In what seems to be an earlier working of the same notion, “I gave the sky away,” Corso gives away a catalog of everything that swims, flies, or crawls, and when the gods object, “…I gave the gods away.” This appears in the rare San Francisco zine, Birthstone #4, “Special Naropa Issue,” 1978.

The title The Golden Dot obviously struck Gregory Corso enough to hold onto it. According to Raymond Foye, the book went through quite a few versions over about 30 years. “There are many good unpublished poems in earlier versions.” The final one has recently been published by Lithic Press, and in some grim joke of stupidity, was rejected by New Directions and City Lights, both having made some real money off Gregory in the past.

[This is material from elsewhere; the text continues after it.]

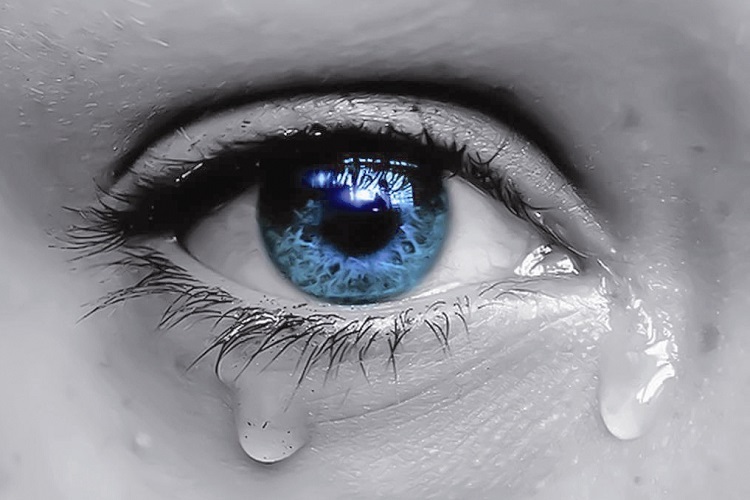 اهدای قرنیه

It is a remarkable text, and likely its rejection involved both Corso being too out of fashion to make enough money for these now-bigger corporations, exacerbated by the fact that this is a very different Corso in many ways, unexpectedly vulnerable and far from “penguin dust” or “fried shoes,” the hilarious surrealism that made him a hip commodity to quote on those late 50s campuses. The word “hubris” appears again and again as Corso wrestles with his self-perceived arrogance now in the face of death, much like Ezra Pound’s “pull down thy vanity…” in “Canto LXXXI.” There are Corso’s metaphysical speculations and ambiguous nostalgias for Catholicism.

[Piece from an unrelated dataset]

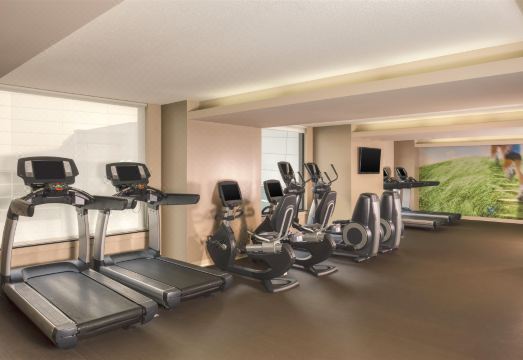 The Westin Detroit Metropolitan Airport Hotel Overview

In a very strange coincidence, The Golden Dot: The Epic of the Lha was written in Tibetan in the late 1960s by Chogryam Trungpa.[1] Some of the beginning stanzas were translated by Trungpa into English in 1972, though they don’t seem to be available. From what I understand, the text is related to the shamanic tradition of Bon, the indigenous religion of Tibet prior to so-called Tibetan Buddhism, or Vajrayana. The likelihood of Gregory Corso knowing this, let alone Allen Ginsberg, seems pretty slim though not impossible. Yet the coincidence is enough to cue the Twilight Zone theme.

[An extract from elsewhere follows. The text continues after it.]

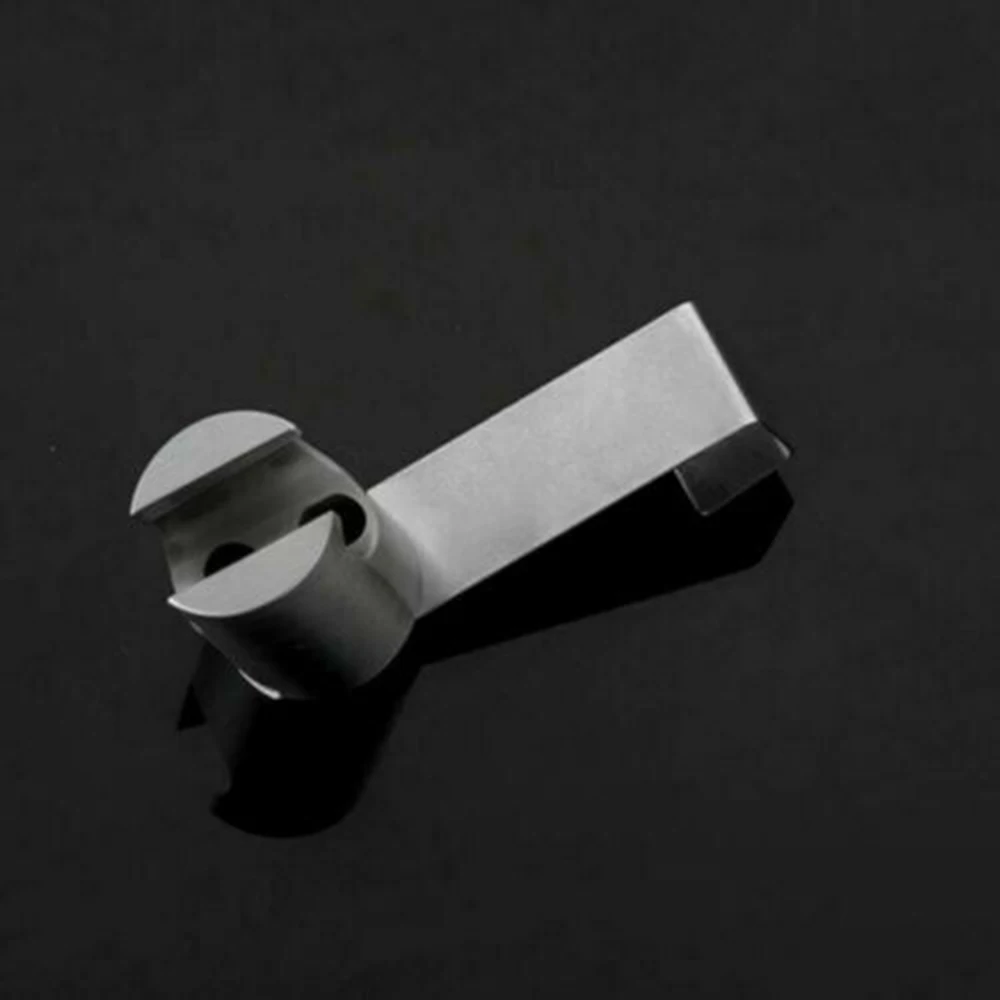 Stainless Steel Hook Sprinkler Head Shower Bracket Manual Shower Toilet Spray Holder Easy To Install Practical Durable
Stainless Steel Hook Sprinkler Head Shower Bracket Manual Shower Toilet Spray Holder Easy To Install Practical Durable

Trungpa talked of meeting the First Nation medicine man Gerald Red Elk. Both men had profound respect for each other and it may help in understanding how a variety of traditions can be regarded as embracing an open boundless space of wakefulness. In his Shambhala teachings, Trungpa also talked of the Primordial Dot, which is analogous to the “first thought/best thought” that he and Allen coined. Ginsberg later clarified: “First thought, no thought, then see what comes up.” In other words, there are gaps between thoughts, and rather than sit like a cat ready to pounce, there is awareness of what rises in the mind. As Trungpa said, “A cold shower is a cold shower. A hot shower is a hot shower. Where did it come from? It’s very direct. Unconditional goodness, the primordial dot, is free from any neurosis. It’s 200 percent truth.”

Extending that further, the artist also can have some intuitive understanding of this as well. (Still, Gregory did not always go with the first draft by any means.) From Ginsberg’s perspective, genius can’t exist without it. From Gregory Corso’s perspective, it is the Divine.

[1] This text is referenced in the recent Lute of Unceasing Sound-Emptiness (Nalanda Publications 2020) in a newly annotated essay “The Bon Way of Life” by Trungpa Rinpoche.